Aim of the task: What you return must match the entries exactly, except that the pictures are gone.

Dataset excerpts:

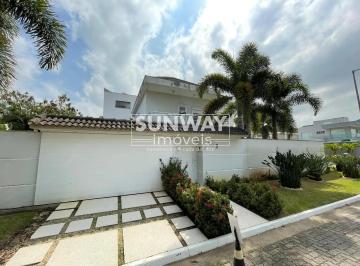 5967.jpg · CASA TRIPLEX COM 5 SUÍTES À VENDA – CONDOMÍNIO BOTHANICA NATURE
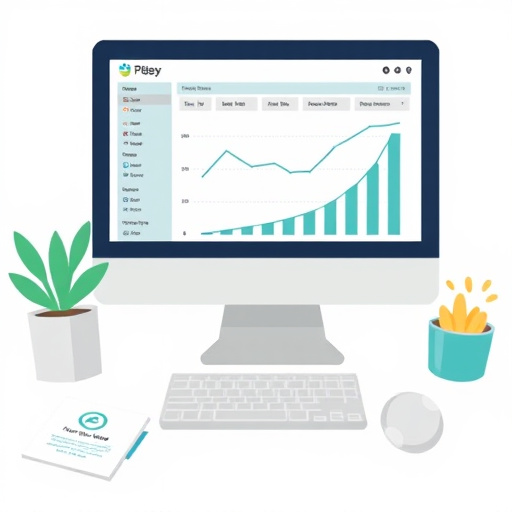 personal finance software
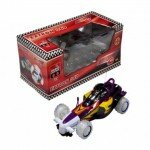 Simba Dickie Extron 360 1:18 RC Stunt Car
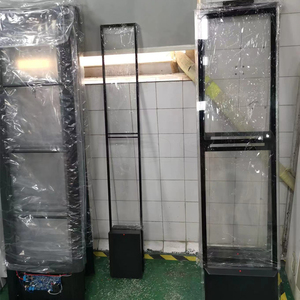 58kHz AM thông minh quần áo cảm biến Acrylic <span class=keywords><strong>EAS</strong></span> hệ thống siêu thị chống trộm thiết bị - Product Image 5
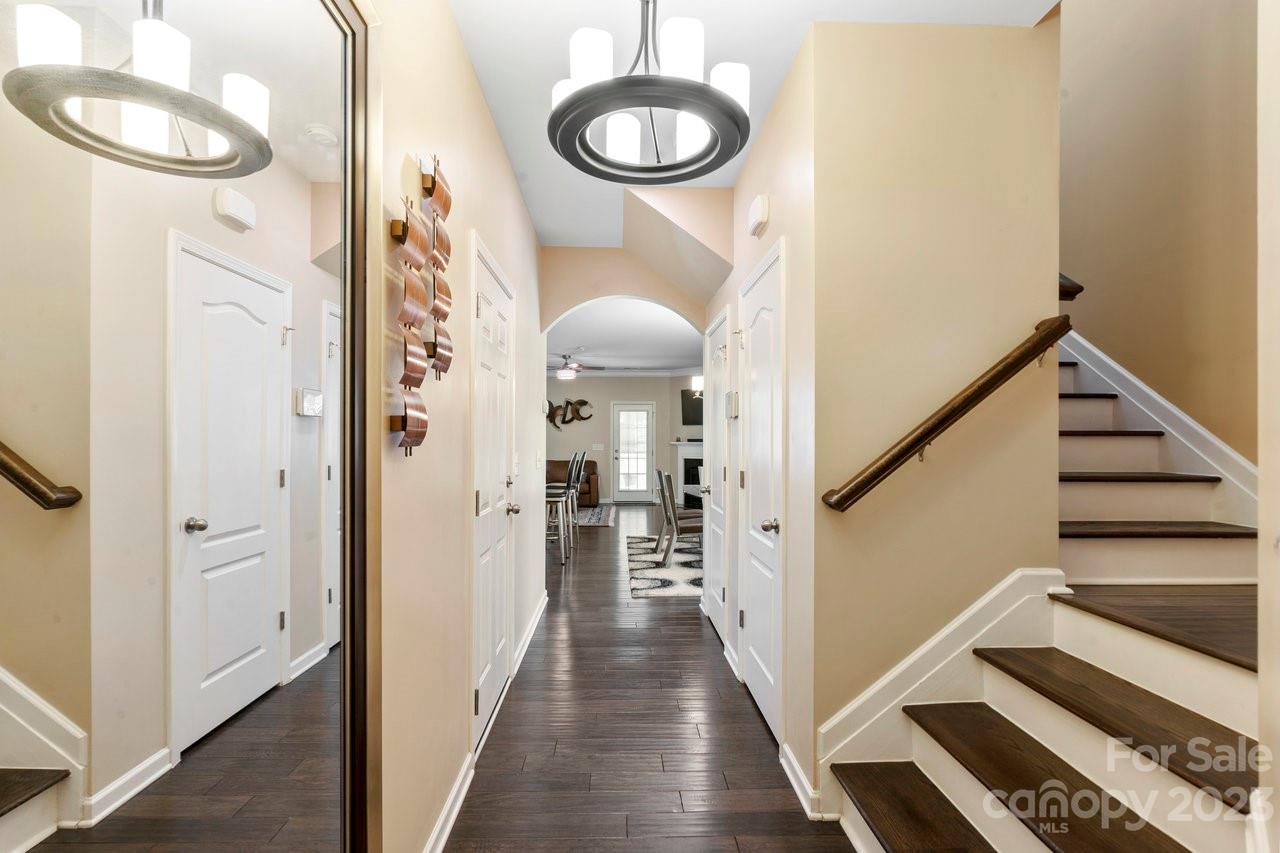 The Grove - Residential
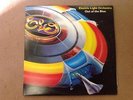 E.L.O. Out of the blue Jet JETDP 400 Gatefold sleeve. Classic LP from 1977 MINT
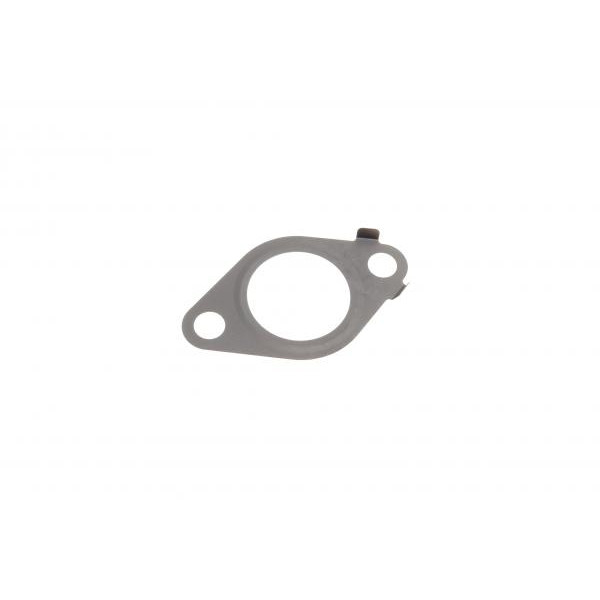 588660 ELRING Комплект прокладок (верхній) Nissan X-Trail/Renault Koleos 2.5 07-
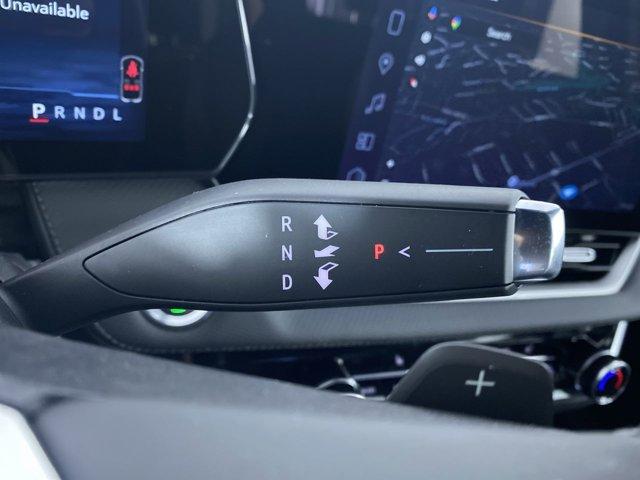 new 2026 Chevrolet Equinox car, priced at $30,665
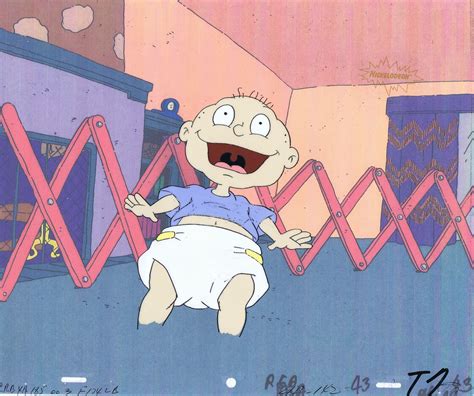 Tommy Rugrats Photo 43018700 Fanpop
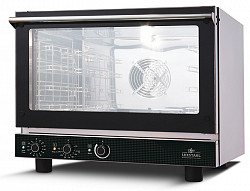 Печь конвекционная Luxstahl FAST FV-SME904-HR в Москве , фото 1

Task solution:
 5967.jpg · CASA TRIPLEX COM 5 SUÍTES À VENDA – CONDOMÍNIO BOTHANICA NATURE
 personal finance software
 Simba Dickie Extron 360 1:18 RC Stunt Car
 58kHz AM thông minh quần áo cảm biến Acrylic <span class=keywords><strong>EAS</strong></span> hệ thống siêu thị chống trộm thiết bị - Product Image 5
 The Grove - Residential
 E.L.O. Out of the blue Jet JETDP 400 Gatefold sleeve. Classic LP from 1977 MINT
 588660 ELRING Комплект прокладок (верхній) Nissan X-Trail/Renault Koleos 2.5 07-
 new 2026 Chevrolet Equinox car, priced at $30,665
 Tommy Rugrats Photo 43018700 Fanpop
 Печь конвекционная Luxstahl FAST FV-SME904-HR в Москве , фото 1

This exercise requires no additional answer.